Study finds how chronic stress leads to hair loss

 Chronic, sustained exposure to stressors can profoundly affect tissue homeostasis, although the mechanisms by which these changes occur are mainly unknown. during a new study, scientists report about the biological mechanisms by which chronic stress impairs follicle stem cells. Their study confirms that chronic stress prompts hair loss.


Scientists discovered that stress puts hair follicles stem cells at rest, causing degeneration of the follicle or the hair. By identifying specific cell types and therefore the responsible molecule that relays the strain signal to the stem cells, scientists have shown that this pathway is often targeted to revive hair growth.

Ya-Chieh Hsu, the Alvin and Esta Star professor of somatic cell and Regenerative Biology at Harvard and senior author of the study said, “The skin offers a tractable and accessible system to review this important problem in-depth, and during this work, we found that stress does actually delay stem-cell activation and fundamentally changes how frequently follicle stem cells regenerate tissues.”

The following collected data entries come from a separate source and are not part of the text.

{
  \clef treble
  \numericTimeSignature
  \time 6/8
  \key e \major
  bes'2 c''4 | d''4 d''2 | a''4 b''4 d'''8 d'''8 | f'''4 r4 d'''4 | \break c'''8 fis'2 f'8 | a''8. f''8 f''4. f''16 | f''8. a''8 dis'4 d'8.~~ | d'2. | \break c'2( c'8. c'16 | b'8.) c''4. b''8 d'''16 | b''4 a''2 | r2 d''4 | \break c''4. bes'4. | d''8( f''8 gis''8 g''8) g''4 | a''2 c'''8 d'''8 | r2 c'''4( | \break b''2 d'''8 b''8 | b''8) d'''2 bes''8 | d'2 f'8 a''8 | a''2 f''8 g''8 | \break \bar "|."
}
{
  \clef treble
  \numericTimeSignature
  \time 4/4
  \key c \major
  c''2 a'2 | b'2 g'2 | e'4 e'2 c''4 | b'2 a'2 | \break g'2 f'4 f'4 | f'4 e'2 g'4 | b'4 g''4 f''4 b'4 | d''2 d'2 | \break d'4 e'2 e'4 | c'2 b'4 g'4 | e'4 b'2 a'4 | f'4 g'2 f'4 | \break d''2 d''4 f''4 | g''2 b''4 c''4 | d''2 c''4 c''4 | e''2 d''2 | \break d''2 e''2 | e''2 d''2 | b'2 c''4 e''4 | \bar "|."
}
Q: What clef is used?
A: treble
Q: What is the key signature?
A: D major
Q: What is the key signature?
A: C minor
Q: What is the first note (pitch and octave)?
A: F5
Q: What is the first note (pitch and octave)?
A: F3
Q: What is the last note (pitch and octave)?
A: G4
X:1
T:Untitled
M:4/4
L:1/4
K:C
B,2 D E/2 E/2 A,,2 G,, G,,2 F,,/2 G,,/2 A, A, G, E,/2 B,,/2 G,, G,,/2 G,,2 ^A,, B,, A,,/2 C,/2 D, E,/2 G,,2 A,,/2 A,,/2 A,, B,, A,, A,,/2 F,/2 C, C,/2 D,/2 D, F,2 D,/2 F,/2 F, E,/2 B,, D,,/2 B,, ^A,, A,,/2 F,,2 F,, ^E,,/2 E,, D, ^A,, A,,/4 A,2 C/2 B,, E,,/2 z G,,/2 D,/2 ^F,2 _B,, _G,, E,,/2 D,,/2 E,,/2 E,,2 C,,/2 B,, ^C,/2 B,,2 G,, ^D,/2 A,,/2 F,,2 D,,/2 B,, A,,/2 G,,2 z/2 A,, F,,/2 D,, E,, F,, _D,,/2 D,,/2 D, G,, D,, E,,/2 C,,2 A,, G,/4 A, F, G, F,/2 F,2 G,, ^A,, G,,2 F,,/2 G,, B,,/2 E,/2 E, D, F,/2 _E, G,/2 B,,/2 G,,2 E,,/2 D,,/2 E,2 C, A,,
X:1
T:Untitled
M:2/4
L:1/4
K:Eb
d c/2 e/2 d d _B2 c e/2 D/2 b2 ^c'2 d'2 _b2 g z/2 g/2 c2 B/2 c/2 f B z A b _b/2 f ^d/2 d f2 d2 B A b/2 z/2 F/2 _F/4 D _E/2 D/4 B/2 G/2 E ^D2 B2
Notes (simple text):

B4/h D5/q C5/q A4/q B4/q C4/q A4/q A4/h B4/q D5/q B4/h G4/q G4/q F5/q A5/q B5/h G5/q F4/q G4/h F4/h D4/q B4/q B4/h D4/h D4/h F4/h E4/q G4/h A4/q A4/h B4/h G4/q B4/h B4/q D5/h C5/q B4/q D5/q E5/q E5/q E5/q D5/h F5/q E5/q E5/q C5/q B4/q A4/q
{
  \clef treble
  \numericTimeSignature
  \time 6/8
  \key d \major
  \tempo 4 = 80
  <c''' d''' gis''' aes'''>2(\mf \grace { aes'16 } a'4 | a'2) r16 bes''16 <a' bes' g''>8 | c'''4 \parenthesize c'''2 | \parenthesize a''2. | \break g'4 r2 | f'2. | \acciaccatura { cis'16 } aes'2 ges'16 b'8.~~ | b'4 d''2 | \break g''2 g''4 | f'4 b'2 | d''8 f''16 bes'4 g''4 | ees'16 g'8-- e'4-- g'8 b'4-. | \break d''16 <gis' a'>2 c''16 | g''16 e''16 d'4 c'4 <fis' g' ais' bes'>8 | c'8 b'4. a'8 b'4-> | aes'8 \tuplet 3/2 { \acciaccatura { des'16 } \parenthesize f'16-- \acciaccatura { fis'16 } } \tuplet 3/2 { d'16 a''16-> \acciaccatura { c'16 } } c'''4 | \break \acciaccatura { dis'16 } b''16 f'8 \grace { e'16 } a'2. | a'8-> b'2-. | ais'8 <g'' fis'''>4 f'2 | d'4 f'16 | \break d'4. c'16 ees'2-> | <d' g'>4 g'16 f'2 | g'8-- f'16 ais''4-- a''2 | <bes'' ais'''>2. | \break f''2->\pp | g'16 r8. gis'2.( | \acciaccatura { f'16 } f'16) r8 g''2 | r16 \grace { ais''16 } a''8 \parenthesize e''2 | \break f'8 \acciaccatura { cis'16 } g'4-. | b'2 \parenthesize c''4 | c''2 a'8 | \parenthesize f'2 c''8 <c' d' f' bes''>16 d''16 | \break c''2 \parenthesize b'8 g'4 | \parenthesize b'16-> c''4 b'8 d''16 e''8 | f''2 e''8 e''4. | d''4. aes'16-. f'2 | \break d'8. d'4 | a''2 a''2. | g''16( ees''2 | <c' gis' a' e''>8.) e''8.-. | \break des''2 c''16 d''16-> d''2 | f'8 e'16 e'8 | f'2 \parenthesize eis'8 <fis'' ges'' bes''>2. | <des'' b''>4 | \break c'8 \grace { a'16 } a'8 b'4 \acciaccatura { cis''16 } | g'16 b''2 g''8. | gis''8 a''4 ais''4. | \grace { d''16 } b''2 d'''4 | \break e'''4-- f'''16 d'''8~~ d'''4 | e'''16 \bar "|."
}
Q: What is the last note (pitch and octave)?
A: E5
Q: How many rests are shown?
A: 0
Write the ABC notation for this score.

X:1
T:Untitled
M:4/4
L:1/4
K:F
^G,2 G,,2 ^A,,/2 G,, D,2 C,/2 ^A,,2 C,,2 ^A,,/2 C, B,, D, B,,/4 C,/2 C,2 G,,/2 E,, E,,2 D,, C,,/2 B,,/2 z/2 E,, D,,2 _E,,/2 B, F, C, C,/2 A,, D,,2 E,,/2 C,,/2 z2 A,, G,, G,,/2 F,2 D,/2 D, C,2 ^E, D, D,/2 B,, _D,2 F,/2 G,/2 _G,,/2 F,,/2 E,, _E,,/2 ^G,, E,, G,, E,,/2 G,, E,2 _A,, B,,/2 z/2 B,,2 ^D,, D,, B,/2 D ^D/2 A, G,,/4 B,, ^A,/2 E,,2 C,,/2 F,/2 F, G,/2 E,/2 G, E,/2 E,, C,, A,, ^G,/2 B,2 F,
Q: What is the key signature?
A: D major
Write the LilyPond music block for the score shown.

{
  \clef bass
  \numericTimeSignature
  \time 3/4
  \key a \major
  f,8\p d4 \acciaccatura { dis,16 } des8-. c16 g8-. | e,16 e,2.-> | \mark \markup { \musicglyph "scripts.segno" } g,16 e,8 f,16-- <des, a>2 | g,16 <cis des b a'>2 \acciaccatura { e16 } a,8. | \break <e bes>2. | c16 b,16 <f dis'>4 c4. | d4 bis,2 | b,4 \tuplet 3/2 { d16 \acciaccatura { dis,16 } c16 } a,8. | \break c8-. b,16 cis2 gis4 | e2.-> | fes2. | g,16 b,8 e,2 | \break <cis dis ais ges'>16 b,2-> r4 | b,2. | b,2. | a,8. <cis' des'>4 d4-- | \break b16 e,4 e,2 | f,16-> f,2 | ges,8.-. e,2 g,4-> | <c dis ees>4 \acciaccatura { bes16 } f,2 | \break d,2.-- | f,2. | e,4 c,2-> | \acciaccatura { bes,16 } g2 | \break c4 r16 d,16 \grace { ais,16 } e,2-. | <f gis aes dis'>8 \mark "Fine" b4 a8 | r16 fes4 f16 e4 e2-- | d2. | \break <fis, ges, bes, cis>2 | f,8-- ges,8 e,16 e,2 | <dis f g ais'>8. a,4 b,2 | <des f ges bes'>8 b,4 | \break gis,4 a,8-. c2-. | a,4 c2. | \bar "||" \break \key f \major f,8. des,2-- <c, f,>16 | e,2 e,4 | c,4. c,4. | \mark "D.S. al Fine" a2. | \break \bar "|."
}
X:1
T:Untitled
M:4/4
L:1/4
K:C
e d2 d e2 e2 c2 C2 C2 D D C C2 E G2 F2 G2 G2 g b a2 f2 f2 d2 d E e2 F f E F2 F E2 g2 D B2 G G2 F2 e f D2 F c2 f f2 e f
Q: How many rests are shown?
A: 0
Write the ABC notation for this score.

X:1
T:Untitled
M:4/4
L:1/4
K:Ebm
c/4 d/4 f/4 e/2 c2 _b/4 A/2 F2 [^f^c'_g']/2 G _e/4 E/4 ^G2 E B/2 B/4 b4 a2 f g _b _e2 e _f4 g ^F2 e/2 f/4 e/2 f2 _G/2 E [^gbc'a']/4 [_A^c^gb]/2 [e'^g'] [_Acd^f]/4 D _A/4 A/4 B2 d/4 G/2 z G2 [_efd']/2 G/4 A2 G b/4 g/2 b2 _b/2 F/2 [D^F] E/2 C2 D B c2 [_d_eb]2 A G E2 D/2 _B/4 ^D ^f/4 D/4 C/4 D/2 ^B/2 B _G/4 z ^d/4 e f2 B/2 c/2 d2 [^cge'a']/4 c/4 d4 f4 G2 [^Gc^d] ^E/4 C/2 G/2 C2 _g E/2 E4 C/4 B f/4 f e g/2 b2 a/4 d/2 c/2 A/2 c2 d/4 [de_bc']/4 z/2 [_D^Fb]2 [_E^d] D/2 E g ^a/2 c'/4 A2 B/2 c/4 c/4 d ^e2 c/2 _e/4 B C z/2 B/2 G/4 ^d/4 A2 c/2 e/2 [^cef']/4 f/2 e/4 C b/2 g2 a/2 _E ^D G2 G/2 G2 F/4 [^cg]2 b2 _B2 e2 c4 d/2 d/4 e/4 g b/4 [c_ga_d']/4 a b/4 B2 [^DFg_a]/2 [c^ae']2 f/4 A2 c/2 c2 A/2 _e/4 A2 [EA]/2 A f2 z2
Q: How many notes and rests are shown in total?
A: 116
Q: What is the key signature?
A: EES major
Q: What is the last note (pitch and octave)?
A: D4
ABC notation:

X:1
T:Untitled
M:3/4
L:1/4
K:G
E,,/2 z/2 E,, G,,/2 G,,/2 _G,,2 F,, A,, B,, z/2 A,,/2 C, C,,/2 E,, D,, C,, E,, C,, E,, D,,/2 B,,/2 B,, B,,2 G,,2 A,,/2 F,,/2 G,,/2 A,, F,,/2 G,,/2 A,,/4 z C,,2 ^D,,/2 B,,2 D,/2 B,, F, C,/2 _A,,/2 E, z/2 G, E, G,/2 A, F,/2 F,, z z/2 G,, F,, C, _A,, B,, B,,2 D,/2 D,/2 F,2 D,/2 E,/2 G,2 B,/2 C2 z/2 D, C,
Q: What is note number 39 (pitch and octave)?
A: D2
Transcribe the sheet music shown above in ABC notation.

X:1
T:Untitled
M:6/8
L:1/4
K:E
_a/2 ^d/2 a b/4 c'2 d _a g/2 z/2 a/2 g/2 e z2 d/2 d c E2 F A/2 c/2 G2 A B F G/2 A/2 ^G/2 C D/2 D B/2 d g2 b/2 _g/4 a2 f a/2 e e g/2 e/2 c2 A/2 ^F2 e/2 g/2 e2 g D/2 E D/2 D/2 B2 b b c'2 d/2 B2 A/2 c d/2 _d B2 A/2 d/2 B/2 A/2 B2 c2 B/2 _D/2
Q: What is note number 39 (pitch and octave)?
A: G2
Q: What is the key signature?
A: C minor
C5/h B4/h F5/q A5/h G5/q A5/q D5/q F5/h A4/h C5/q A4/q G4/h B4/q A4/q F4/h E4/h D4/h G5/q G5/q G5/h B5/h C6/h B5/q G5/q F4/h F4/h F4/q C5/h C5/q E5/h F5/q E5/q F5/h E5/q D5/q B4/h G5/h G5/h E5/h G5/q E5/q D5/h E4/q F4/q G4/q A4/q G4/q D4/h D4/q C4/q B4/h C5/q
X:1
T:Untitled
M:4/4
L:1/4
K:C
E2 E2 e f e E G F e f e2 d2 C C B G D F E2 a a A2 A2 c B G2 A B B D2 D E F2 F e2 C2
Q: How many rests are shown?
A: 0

Scientists studied a mouse model of chronic stress and located that follicle stem cells stayed a really "> during a resting phase for a very while without regenerating tissues. This causes upregulation of corticosterone.

When scientists gave mice corticosterone, it reproduced the strain effect on the stem cells.

Hsu said, “This result suggests that elevated stress hormones indeed hurt follicle stem cells. But the important surprise came once we took out the source of the strain hormones.”

Under normal conditions, the regeneration of hair follicles slows with increasing age. In their experiments, scientists removed the strain hormones, causing the stem cells’ resting phase short and increased growth phase to regenerate hair follicles throughout their life, even once they were old.

Hsu said, “So even the baseline level of stress hormone that’s normally circulating within the body is a crucial regulator of the resting phase. Stress essentially just elevates this preexisting ‘adrenal gland–hair follicle axis,’ making it even harder for follicle stem cells to enter the expansion phase to regenerate new hair follicles.”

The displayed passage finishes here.